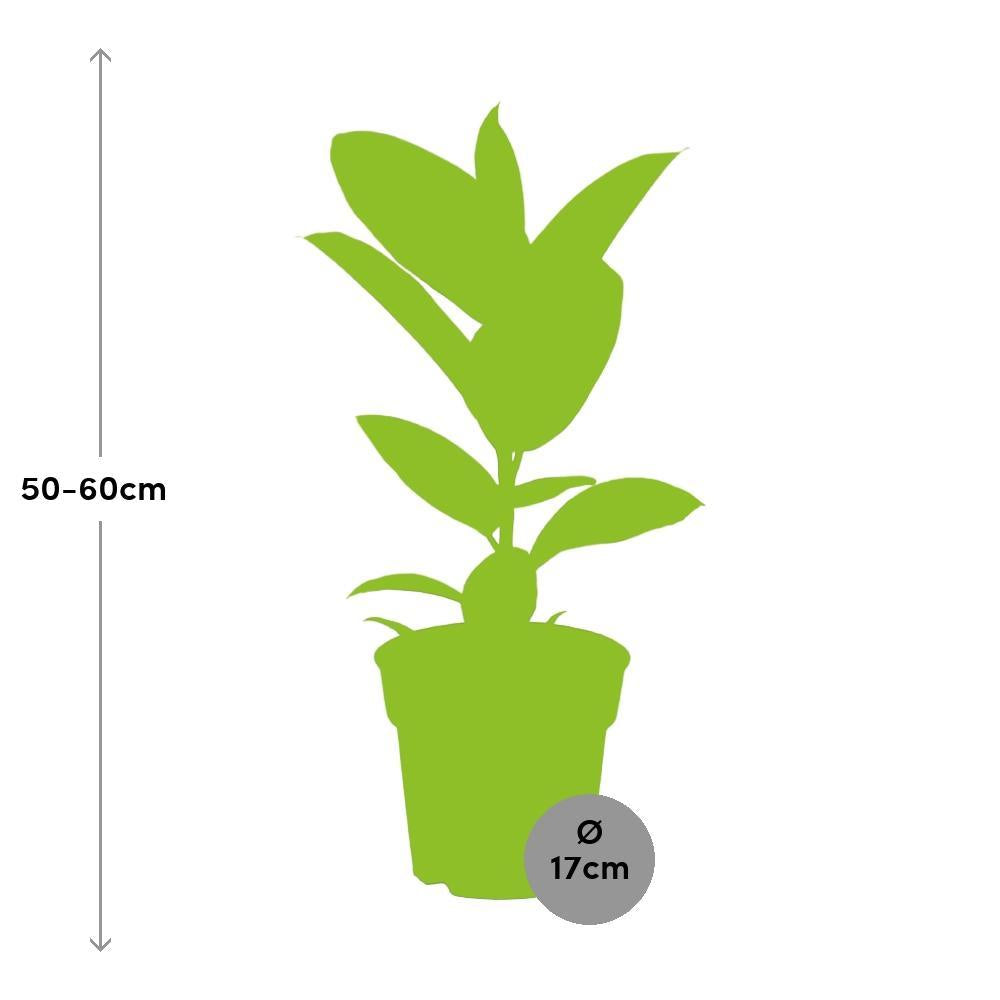 Ø17cm - ↕55cm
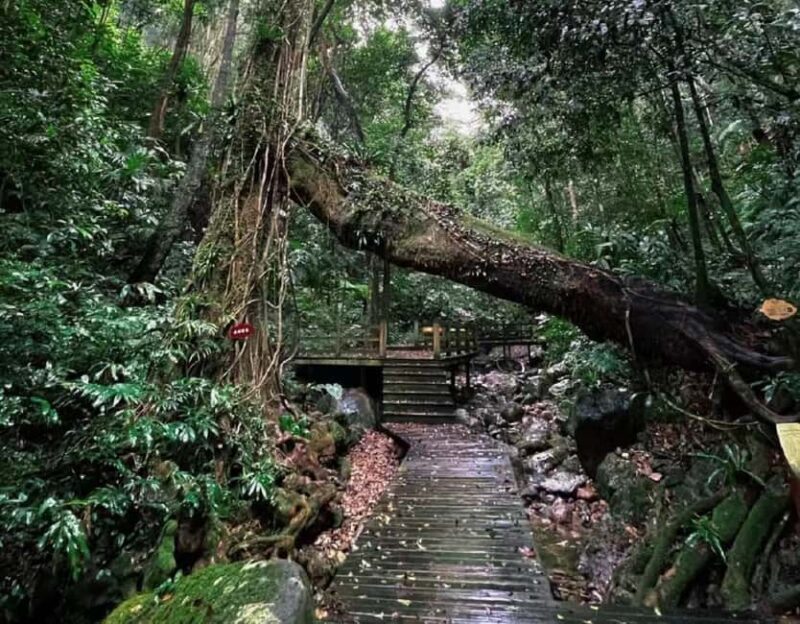 Hainan: A private day trip to Wuzhishan - A Complete Breakdown of What to Expect  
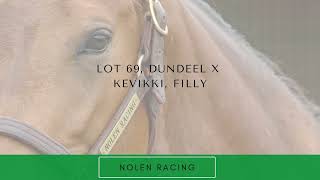 Lot 69 Dundeel x Kevikki Filly from Nolen Racing [upl. by Jehanna]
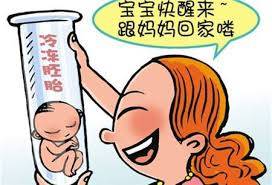 专家肖像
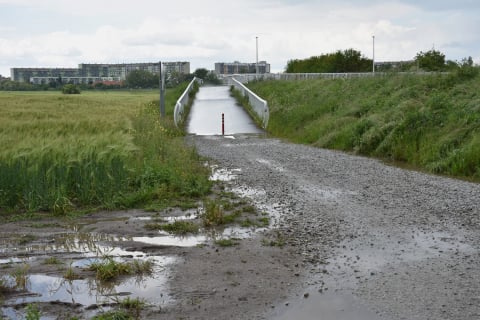 Pomiędzy Muchoborem Wielkim a Muchoborem Małym powstanie ścieżka rowerowa z prawdziwego zdarzenia - 0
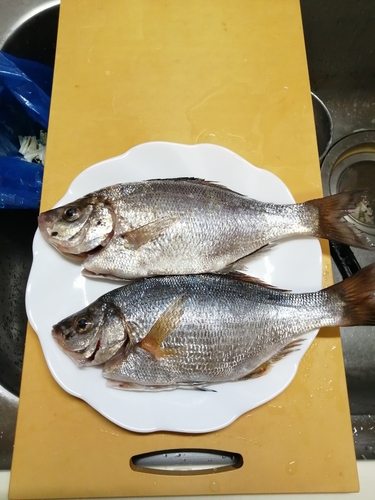 ウミタナゴの釣果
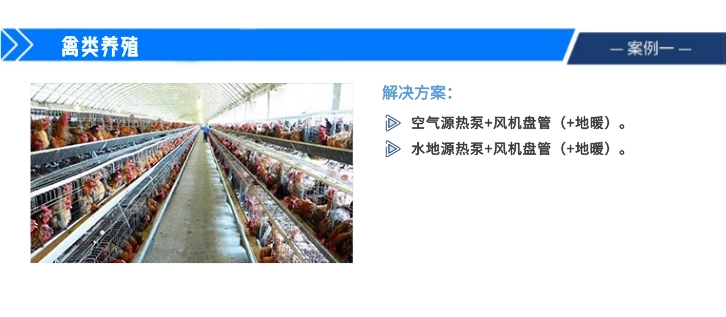 1675822392191425.jpeg 种养殖——禽类.jpeg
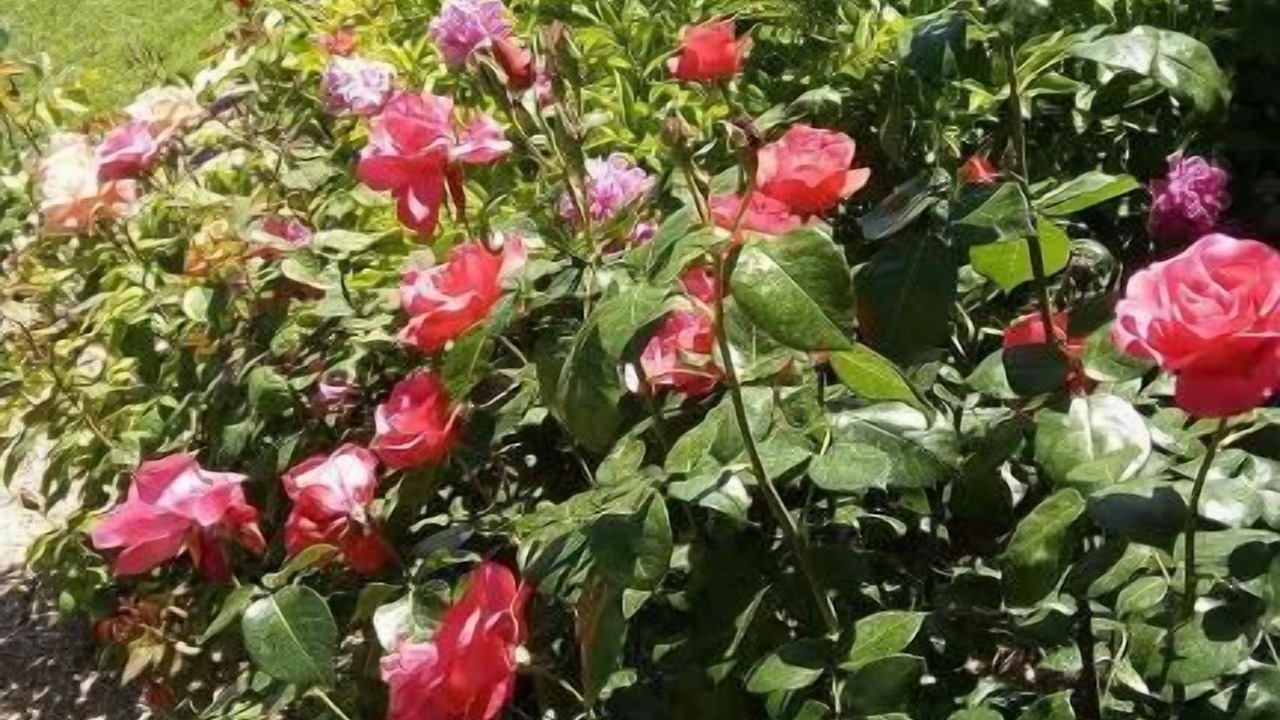 Photo of Outdoor in Villelongue-d'Aude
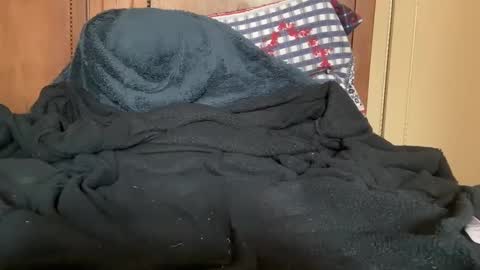 wonkywillywanks online show from January 2025 12:51:02 PM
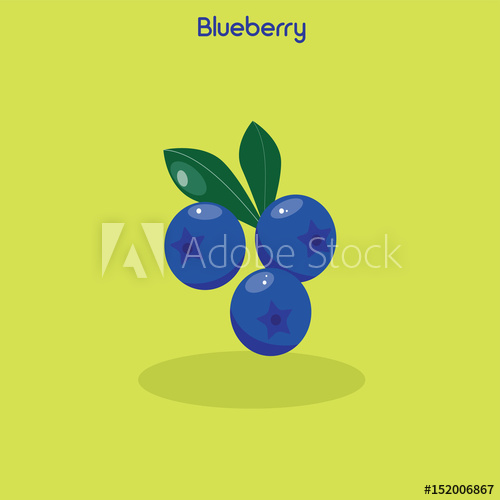 500x500 Blueberry Icon Vector Illustration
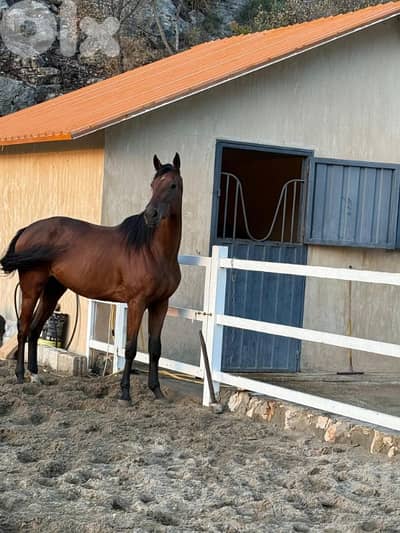 Horse - Thoroughbred Mare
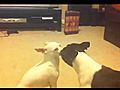 Boston terrier kissing chihuahua | BahVideo.com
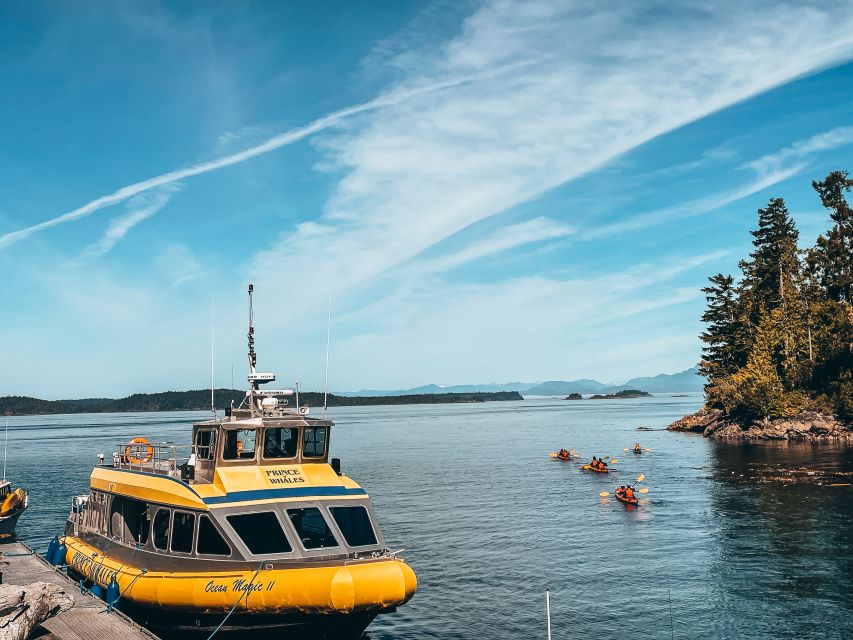 Telegraph Cove: Whale Watching Adventure with Free Photos - Free photos are useful, with one caution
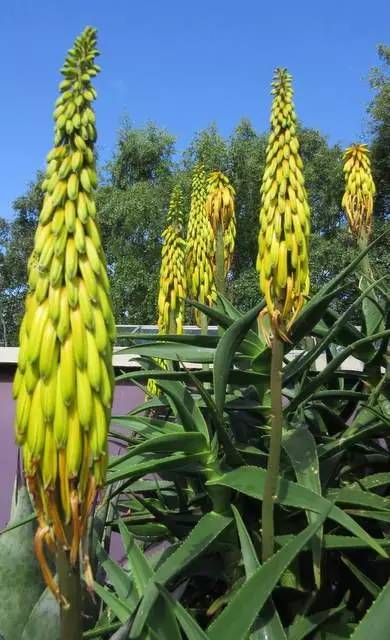 英国家庭花园建造,英国夫妇22年打造梦幻花园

_____

## WHAT TO PRODUCE
The answer is the listing above restated word for word, pictures removed.

## RESPONSE TO THE TASK
 Ø17cm - ↕55cm
 Hainan: A private day trip to Wuzhishan - A Complete Breakdown of What to Expect  
 Lot 69 Dundeel x Kevikki Filly from Nolen Racing [upl. by Jehanna]
 专家肖像
 Pomiędzy Muchoborem Wielkim a Muchoborem Małym powstanie ścieżka rowerowa z prawdziwego zdarzenia - 0
 ウミタナゴの釣果
 1675822392191425.jpeg 种养殖——禽类.jpeg
 Photo of Outdoor in Villelongue-d'Aude
 wonkywillywanks online show from January 2025 12:51:02 PM
 500x500 Blueberry Icon Vector Illustration
 Horse - Thoroughbred Mare
 Boston terrier kissing chihuahua | BahVideo.com
 Telegraph Cove: Whale Watching Adventure with Free Photos - Free photos are useful, with one caution
 英国家庭花园建造,英国夫妇22年打造梦幻花园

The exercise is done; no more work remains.